Di tutt’altro avviso è Stefano Rozner, titolare dell’agenzia funeraria, che replica colpo su colpo. «È una discussione aperta da nove anni - ricorda-. Nove anni fa, appunto, abbiamo depositato all’Istituto federale della proprietà intellettuale questo marchio svizzero. Criticarne l’uso può essere legittimo, ma l’Ipi lo ha esaminato e dopo dopo 4 mesi di analisi è stato depositato. Da quel momento dire che noi abbiamo compiuto un illecito non mi pare corretto. Altrimenti ci sarebbe una prima mondiale, in cui uno deposita un marchio per non utilizzarlo».
Per il Cantone il contenzioso è aperto, per Rozner conta che «l’opposizione del Consiglio di Stato è stata respinta dall’Ipi. Poi sono andati avanti per altre vie legali». Per Rozner è legittimo parlarne, ma «bisognerebbe trattenersi dal defininirlo atto illecito o illegale, perché altrimenti si sconfina dallo stato di diritto». Il Ticino, conclude Rozner con filosofia, «è il territorio dei punti di vista diversi. Prendiamo la Lia (l’albo degli artigiani, ndr) secondo voi è legale o illegale?». Di sicuro c'è chi vuole farle il funerale.
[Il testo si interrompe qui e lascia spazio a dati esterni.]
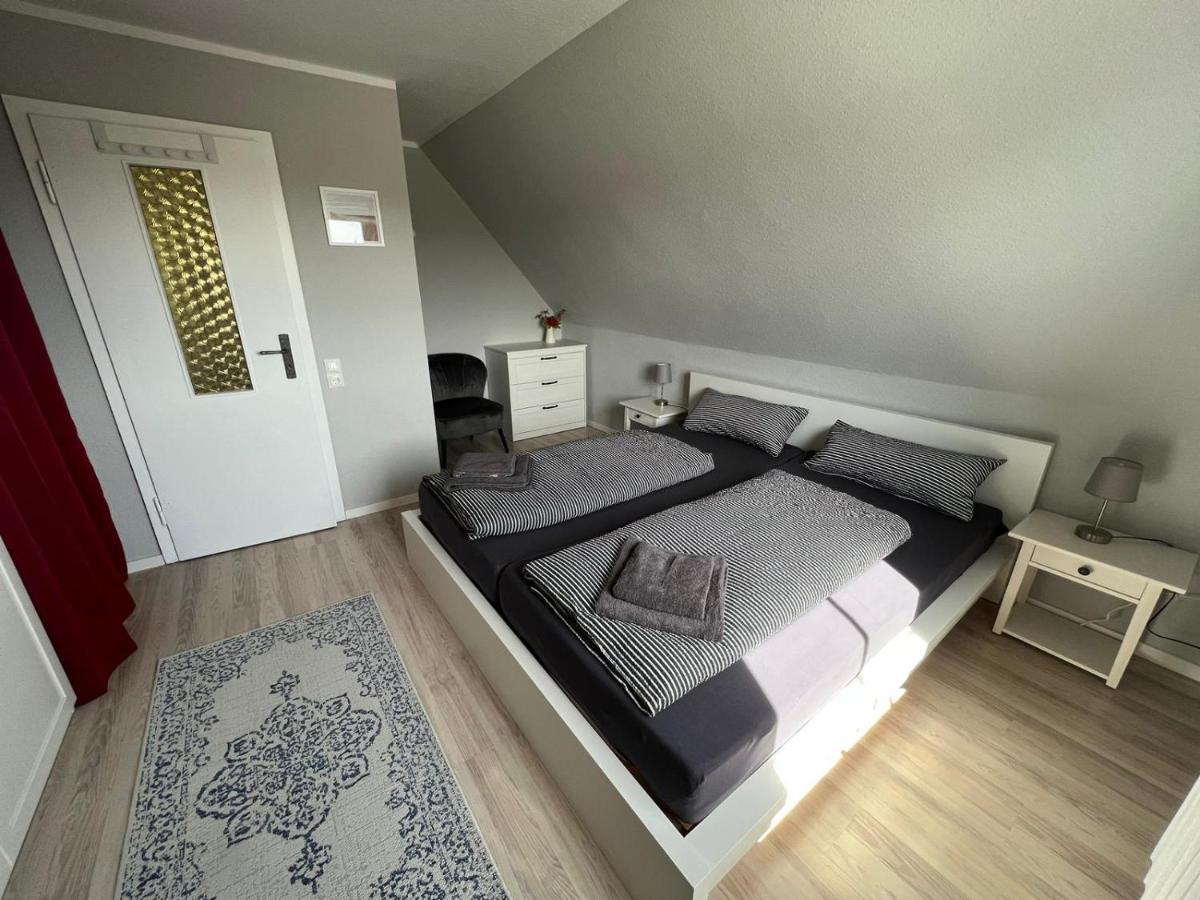 Ruegenferienhaus - Schaprode Hafen Екстер'єр фото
Quando Bruno Monguzzi ridisegnò il Ticino
Nel 1991, quando Bruno Monguzzi concepisce la nuova identità visiva per l’Amministrazione cantonale l'acronimo “ti”, affiancato dallo scudo, già esisteva. «Essendo - spiega a Tio/20Minuti il famoso designer svizzero - radicato nella memoria collettiva locale, proprio grazie al forte taglio obliquo nella lettera “t”, la più spiccata peculiarità del carattere Gill, avevo proposto il Gill Sans come carattere istituzionale. Siccome l’acronimo soffriva nel rimpicciolimento (il puntino della i risultava appiccicato alla barra), lo avevo ridisegnato conservandone le caratteristiche fondamentali». Ma l'intervento di Monguzzi riguardò anche lo stemma: «Avevo anche ridisegnato lo scudo omettendo la cornice, per renderlo più essenziale». Una spiegazione più ampia si trova anche nel libro, Bruno Monguzzi, La mosca e la ragnatela, Edizioni Casagrande, Bellinzona, 2016.